Onze Hoogleeraar, niet lang naa zijne komst te Leiden, door de Wethouderschap der Stad verzogt zijnde, om maandelijks de Nederduitsche Gemeente met eene Leerrede te stigten, nam ook dien last op zich, onder andere met oogmerk, om zijnen Leerlingen proefkundige voorbeelden te geeven van de regels, welke hij in zijne lessen over de Predikwijze aan de hand gaf. Behalven dit alles ging VAN TIL voort met het schrijven en uitgeeven van Werken over verschillende onderwerpen; alle welken, zo wel van ‘s Mans uitgebreide en algemeene geleerdheid, als van zijne zeer naarstige tijdbesteedinge, overvloedige getuigenissen draagen.
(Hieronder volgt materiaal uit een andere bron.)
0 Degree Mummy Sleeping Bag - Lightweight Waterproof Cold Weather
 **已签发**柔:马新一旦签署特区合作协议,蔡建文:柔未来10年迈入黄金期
Onder zo veele werkzaamheden wierdt onze Hoogleeraar zomtijds merkelijk belemmerd met een pijnlijk Voeteuvel, waar aan hij, reeds geduurende zijn verblijf te Dordrecht, verscheiden jaaren hadt gezukkeld. Onder dit lastig ongemak wierdt hij van eene Beroerte aangetast, die hem eerst van zijn geheugen beroofde, en voorts van het leeven, op den eersten November des Jaars 1713, en dus in den ouderdom van ruim zeventig jaaren. Wie begeerig is na eene Lijst van ‘s Mans Werken, zo in ’t Latijn als Nederduitsch geschreeven, kan zijnen lust voldaan vinden, in eene Voorrede, door den Heer HERMANUS VAN DE WALL geplaatst voor een der Werken van zijnen Vriend, getiteld Commementarius de Tabernaculo Mosis.

Tweeimalen is onze Hoogleeraar gehuwd geweest. Zijne eerste Echtgenoote was MARIA TETRODE, en hij bij haar Vader van twee Dogters; eene van welke zich in den echt begaf met BENJAMIN VAN HEES, Leeraar onder de Hervormden. De tweede Echtgenoote van den Heere VAN TIL, was AGATHA CATHARINA MOLENSCHOT, bij welke hij verwekt heeft eenen Zoon, JOHAN ROCHUS VAN TIL, Pensionaris van Pumerend, Baljuw van de Beemster, en vervolgens, van wegen de Algemeene Staaten der Veréénigde Nederlanden, Resident aan het Hof van Portugal.

Zie HERMANI VAN DE WALL, Praefatio in Commentarium de Tabernaculo Mosis.